Why are second (and third) chances so hard?
ast week I heard from another autism mom whose son was expelled from school after two behavior incidents. She felt the incidents should be viewed in the context of her child’s diagnosis, Asperger’s, and that the school bore some responsibility for inciting the first, in particular. She was frustrated. “Am I wrong?” was the last sentence of her message.
The next day I heard about the one-year unpaid suspension that Flint-area teacher Nicole McVey received after she videotaped a student with Asperger’s who got his head stuck in a chair in her classroom, in front of the other students and building principal. The student’s parents want her fired instead, expected she would be, and now say they will sue the school district.
Two people want another chance. Both involve special needs kids. Should either of them get it?
The most basic rationale says the child should. After all, childhood is about learning from mistakes. Adults are supposed to know better. Teachers like McVey are held to even higher standards.
But beyond the family’s personal sense of vindication (a human desire I can empathize with), I’m not sure what’s gained by firing her. (Caveat: I’ve not watched the video. I couldn’t bring myself to when it surfaced and I still can’t.) But I fear the firing would accomplish the same thing as the student’s expulsion: Purging the school of something difficult and messy, something the powers that be would prefer not to deal with.

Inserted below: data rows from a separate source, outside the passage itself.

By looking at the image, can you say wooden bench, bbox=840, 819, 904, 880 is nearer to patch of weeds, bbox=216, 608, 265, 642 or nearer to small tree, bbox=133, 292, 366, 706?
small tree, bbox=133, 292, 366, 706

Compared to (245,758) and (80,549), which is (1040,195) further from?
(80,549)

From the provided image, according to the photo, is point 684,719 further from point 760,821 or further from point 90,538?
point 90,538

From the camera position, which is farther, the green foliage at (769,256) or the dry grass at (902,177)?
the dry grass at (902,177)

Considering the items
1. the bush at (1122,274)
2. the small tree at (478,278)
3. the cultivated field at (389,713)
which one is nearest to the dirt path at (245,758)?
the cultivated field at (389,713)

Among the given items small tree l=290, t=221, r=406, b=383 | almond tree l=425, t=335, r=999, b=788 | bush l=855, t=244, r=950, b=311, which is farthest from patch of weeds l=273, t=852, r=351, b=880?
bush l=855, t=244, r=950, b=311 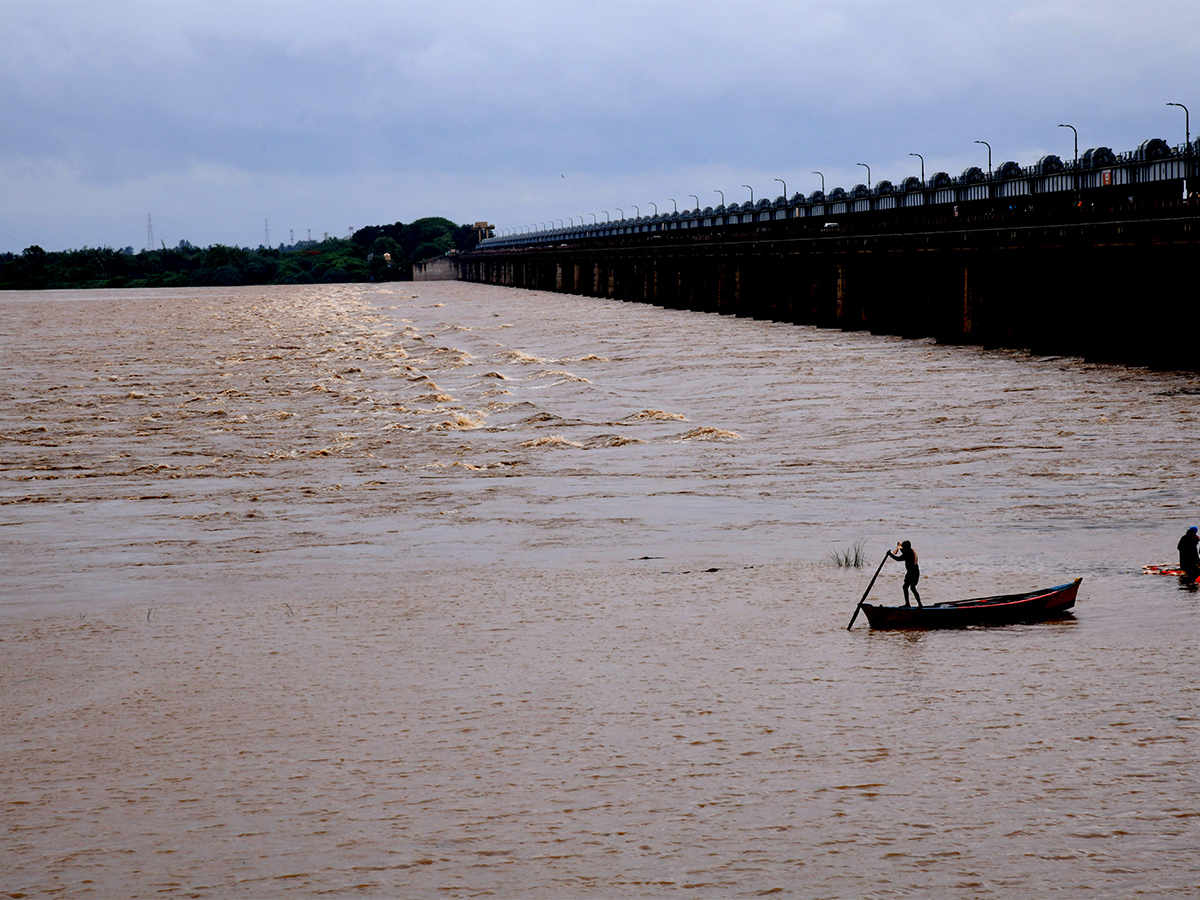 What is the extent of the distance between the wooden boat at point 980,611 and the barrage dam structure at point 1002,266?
29.7 meters

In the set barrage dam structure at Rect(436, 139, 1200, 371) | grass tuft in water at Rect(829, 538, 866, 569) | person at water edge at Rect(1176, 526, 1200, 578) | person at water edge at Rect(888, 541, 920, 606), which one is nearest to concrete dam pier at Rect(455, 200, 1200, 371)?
barrage dam structure at Rect(436, 139, 1200, 371)

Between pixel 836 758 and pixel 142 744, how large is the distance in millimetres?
6814

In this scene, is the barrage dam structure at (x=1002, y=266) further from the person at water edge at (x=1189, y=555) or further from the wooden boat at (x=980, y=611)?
the wooden boat at (x=980, y=611)

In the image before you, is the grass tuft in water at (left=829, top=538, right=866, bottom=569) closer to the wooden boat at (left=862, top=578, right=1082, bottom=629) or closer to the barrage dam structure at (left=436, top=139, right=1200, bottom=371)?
the wooden boat at (left=862, top=578, right=1082, bottom=629)

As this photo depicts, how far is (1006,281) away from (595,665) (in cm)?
4749

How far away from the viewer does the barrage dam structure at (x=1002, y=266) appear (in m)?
46.6

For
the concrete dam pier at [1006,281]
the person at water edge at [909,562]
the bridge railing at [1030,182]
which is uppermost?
the bridge railing at [1030,182]

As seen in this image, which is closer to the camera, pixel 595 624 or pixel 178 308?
pixel 595 624

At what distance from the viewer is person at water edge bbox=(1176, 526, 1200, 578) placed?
59.5ft

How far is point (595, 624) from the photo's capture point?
56.8 feet

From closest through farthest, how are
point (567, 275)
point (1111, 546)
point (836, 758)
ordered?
point (836, 758), point (1111, 546), point (567, 275)

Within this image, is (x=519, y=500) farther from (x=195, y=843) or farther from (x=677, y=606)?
(x=195, y=843)

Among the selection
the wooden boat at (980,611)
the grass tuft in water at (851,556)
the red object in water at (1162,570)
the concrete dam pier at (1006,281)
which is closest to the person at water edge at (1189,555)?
the red object in water at (1162,570)

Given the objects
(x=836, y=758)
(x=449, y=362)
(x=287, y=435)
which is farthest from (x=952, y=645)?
(x=449, y=362) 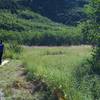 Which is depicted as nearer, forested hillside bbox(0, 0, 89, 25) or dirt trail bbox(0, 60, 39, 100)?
dirt trail bbox(0, 60, 39, 100)

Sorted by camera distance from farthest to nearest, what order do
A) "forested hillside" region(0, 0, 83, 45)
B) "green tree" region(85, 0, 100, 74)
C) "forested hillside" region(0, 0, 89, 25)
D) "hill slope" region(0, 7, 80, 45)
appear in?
"forested hillside" region(0, 0, 89, 25)
"forested hillside" region(0, 0, 83, 45)
"hill slope" region(0, 7, 80, 45)
"green tree" region(85, 0, 100, 74)

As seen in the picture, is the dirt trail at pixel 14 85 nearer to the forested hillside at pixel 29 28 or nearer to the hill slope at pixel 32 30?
the hill slope at pixel 32 30

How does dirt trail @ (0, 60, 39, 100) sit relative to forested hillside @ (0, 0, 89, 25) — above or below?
above

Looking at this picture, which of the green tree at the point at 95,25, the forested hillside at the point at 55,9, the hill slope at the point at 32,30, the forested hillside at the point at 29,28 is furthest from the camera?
the forested hillside at the point at 55,9

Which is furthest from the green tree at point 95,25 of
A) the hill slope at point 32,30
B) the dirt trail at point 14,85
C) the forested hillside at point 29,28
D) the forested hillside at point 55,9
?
the forested hillside at point 55,9

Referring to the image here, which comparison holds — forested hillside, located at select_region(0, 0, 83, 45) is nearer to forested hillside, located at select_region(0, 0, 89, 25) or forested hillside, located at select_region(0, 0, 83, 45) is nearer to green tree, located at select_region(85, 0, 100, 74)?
forested hillside, located at select_region(0, 0, 89, 25)

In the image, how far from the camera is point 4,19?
294 ft

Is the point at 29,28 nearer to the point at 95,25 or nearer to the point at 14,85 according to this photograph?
the point at 95,25

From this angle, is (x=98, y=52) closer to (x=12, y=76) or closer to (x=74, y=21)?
(x=12, y=76)

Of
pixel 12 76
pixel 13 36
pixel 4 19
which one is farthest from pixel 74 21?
pixel 12 76

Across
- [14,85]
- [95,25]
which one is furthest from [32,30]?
[14,85]

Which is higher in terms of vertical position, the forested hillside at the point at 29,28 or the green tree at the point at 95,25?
the green tree at the point at 95,25

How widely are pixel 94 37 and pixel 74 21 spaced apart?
242 ft

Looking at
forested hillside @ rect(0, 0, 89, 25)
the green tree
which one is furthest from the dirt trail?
forested hillside @ rect(0, 0, 89, 25)
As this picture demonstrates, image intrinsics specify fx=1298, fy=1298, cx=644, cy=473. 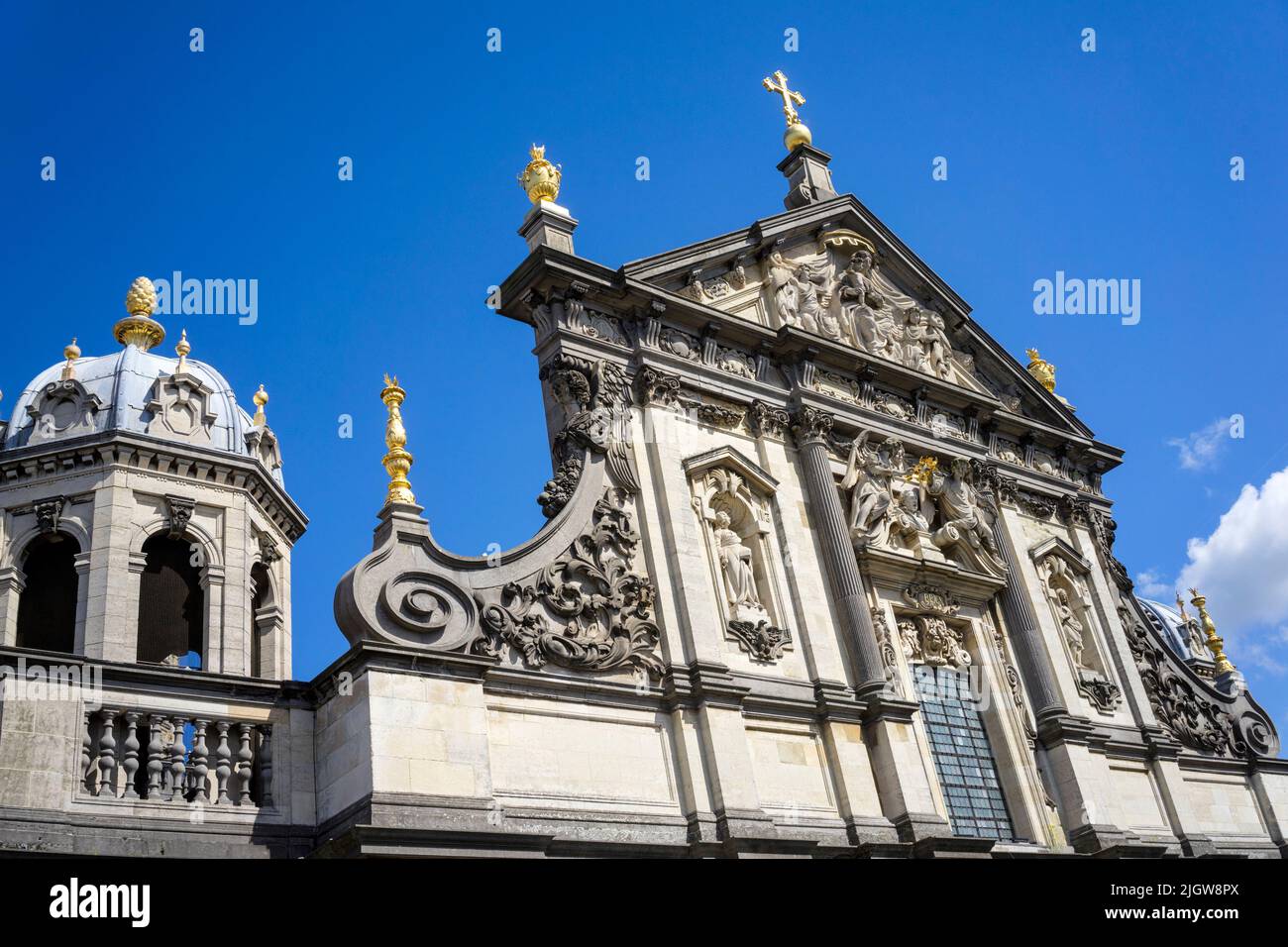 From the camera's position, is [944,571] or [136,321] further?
[136,321]

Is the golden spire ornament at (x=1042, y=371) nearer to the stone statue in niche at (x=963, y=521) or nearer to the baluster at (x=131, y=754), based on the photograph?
the stone statue in niche at (x=963, y=521)

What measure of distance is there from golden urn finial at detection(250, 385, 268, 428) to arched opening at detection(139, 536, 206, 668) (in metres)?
3.55

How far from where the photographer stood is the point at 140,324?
28000 millimetres

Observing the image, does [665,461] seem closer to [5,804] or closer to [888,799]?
[888,799]

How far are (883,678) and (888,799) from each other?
1749 mm

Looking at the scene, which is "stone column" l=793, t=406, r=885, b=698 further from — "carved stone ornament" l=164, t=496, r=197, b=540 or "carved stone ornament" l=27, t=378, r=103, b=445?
"carved stone ornament" l=27, t=378, r=103, b=445

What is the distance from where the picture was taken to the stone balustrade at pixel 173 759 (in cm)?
1255

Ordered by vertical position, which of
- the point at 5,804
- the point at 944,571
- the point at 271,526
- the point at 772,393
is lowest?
the point at 5,804

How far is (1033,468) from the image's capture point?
2539 centimetres

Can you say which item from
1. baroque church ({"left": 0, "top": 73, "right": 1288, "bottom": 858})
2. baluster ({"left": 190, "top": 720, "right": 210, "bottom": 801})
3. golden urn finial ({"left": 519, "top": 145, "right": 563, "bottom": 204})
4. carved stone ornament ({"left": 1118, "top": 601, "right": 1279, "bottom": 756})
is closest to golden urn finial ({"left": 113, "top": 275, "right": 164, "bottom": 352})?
baroque church ({"left": 0, "top": 73, "right": 1288, "bottom": 858})

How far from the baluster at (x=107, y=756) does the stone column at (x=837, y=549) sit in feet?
33.1

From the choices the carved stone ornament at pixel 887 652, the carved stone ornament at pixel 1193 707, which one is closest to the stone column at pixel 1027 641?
the carved stone ornament at pixel 887 652

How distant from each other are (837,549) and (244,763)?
31.4 ft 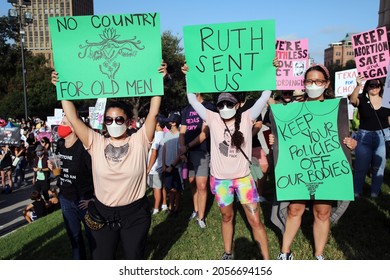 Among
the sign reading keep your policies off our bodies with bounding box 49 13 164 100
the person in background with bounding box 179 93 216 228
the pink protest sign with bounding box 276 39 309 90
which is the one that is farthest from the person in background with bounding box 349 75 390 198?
the sign reading keep your policies off our bodies with bounding box 49 13 164 100

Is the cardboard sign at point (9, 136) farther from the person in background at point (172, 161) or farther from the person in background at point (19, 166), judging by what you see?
the person in background at point (172, 161)

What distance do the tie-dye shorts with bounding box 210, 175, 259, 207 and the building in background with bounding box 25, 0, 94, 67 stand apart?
282 feet

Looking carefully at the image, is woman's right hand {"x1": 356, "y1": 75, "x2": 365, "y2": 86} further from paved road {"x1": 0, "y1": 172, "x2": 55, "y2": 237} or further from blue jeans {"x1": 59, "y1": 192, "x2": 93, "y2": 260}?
paved road {"x1": 0, "y1": 172, "x2": 55, "y2": 237}

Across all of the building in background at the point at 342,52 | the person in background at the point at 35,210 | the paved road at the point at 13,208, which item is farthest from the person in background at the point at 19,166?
the building in background at the point at 342,52

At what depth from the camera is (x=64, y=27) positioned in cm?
329

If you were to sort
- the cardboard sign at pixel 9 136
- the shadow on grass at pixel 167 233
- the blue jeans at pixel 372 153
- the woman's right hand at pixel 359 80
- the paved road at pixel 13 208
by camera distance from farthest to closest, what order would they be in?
the cardboard sign at pixel 9 136 < the paved road at pixel 13 208 < the blue jeans at pixel 372 153 < the woman's right hand at pixel 359 80 < the shadow on grass at pixel 167 233

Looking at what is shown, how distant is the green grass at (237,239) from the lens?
4152mm

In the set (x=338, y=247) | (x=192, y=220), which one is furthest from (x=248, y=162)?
(x=192, y=220)

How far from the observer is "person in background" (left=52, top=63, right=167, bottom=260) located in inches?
119

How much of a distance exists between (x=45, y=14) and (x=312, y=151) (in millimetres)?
104410

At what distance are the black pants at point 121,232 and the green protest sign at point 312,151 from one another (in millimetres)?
1349

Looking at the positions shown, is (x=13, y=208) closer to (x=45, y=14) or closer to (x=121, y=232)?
(x=121, y=232)

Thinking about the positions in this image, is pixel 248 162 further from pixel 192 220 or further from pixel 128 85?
pixel 192 220

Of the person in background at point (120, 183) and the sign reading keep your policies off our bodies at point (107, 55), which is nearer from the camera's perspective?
the person in background at point (120, 183) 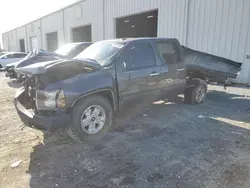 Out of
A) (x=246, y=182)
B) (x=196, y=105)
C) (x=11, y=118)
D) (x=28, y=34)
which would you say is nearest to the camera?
(x=246, y=182)

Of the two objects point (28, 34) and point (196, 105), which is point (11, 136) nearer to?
point (196, 105)

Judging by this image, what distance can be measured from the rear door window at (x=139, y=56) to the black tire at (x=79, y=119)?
0.93 meters

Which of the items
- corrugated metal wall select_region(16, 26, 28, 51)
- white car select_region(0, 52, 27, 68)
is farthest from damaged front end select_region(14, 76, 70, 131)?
corrugated metal wall select_region(16, 26, 28, 51)

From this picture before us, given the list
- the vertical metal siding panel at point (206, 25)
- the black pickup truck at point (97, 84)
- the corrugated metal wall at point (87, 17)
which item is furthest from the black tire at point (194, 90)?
the corrugated metal wall at point (87, 17)

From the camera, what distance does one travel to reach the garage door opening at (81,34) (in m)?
22.5

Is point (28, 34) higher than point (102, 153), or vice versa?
point (28, 34)

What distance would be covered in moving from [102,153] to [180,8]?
1019cm

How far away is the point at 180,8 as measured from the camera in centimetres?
1141

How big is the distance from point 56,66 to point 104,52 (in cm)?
140

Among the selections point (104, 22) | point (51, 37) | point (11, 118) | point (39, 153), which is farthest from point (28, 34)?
point (39, 153)

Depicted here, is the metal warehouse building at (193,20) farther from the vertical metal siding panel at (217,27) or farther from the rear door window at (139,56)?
the rear door window at (139,56)

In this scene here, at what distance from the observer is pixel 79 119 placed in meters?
3.58

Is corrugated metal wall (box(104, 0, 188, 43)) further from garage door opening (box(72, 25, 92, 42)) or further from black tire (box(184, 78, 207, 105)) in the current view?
garage door opening (box(72, 25, 92, 42))

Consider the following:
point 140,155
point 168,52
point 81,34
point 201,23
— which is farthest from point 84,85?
point 81,34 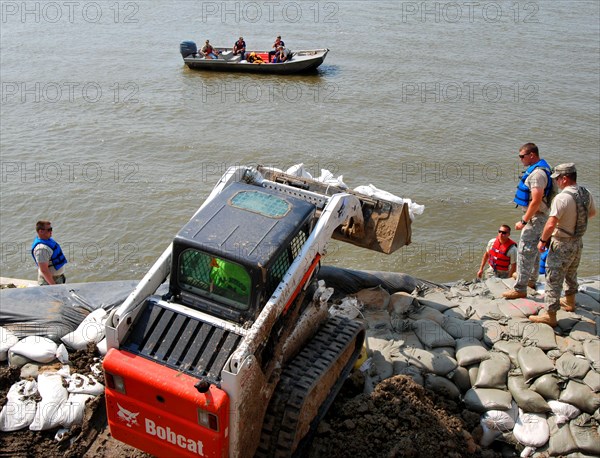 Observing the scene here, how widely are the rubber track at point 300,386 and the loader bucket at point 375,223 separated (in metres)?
1.02

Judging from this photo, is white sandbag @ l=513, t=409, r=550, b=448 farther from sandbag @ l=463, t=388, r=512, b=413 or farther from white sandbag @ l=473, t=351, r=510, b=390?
white sandbag @ l=473, t=351, r=510, b=390

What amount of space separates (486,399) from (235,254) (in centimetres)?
277

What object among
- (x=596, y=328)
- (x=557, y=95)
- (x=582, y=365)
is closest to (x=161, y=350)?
(x=582, y=365)

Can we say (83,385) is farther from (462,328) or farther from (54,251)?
(462,328)

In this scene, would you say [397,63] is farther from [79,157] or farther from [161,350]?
[161,350]

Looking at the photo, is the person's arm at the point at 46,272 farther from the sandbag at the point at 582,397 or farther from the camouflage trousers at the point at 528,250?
the sandbag at the point at 582,397

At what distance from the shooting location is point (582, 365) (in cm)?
556

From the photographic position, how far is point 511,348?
19.5 feet

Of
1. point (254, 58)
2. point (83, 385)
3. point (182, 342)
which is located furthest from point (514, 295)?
point (254, 58)

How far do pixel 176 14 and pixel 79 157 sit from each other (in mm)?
15701

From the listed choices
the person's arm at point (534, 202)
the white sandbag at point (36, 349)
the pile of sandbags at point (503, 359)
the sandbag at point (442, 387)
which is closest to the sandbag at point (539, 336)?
the pile of sandbags at point (503, 359)

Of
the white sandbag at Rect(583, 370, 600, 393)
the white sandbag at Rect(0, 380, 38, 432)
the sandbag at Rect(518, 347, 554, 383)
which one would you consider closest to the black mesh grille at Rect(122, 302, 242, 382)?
the white sandbag at Rect(0, 380, 38, 432)

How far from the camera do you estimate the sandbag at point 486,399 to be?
17.9 ft

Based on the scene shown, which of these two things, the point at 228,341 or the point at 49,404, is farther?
the point at 49,404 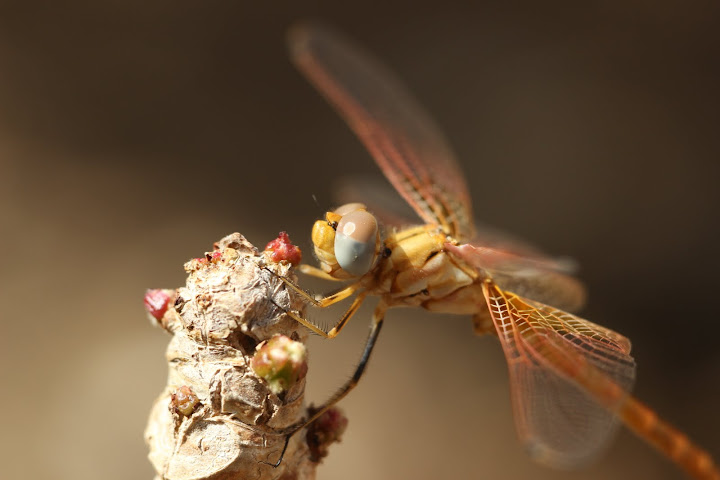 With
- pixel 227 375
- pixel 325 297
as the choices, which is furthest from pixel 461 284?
pixel 227 375

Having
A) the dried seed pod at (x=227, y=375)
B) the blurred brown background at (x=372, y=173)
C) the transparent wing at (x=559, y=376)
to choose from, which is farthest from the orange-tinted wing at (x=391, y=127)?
the blurred brown background at (x=372, y=173)

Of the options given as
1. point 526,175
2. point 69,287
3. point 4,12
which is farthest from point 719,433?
point 4,12

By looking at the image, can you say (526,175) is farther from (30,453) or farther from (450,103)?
(30,453)

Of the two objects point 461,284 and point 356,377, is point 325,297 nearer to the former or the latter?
point 356,377

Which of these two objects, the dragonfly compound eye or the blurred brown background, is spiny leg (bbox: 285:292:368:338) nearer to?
the dragonfly compound eye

Problem is, autism, which now includes Asperger’s, isn’t going away. It’s getting more common. One in 68 kids, per the latest CDC estimates. Rather than purging, this is what we need:
- More people trained and experienced with autism and its behavioral manifestations in the schools. McVey’s suspension stipulates training on classroom relationships and handling student information. Autism-specific training should be mandated as well. (Grand Valley’s START program is one resource right in Michigan.)
- More tolerance and patience among the typical majority. Another reason I’m wary of firing is that it could backfire on the student’s family. McVey received a lot of community support. If she’s fired, that turns to community hostility to the child and family.
- After tolerance, acceptance. Neurodiversity is just another stripe of diversity, like racial, ethnic and religious. My own son’s class is exemplary at this.
The mom’s not wrong to feel frustrated. Neither are the parents in the Flint case. But if we let both end in exile, that’s the destiny for so many more.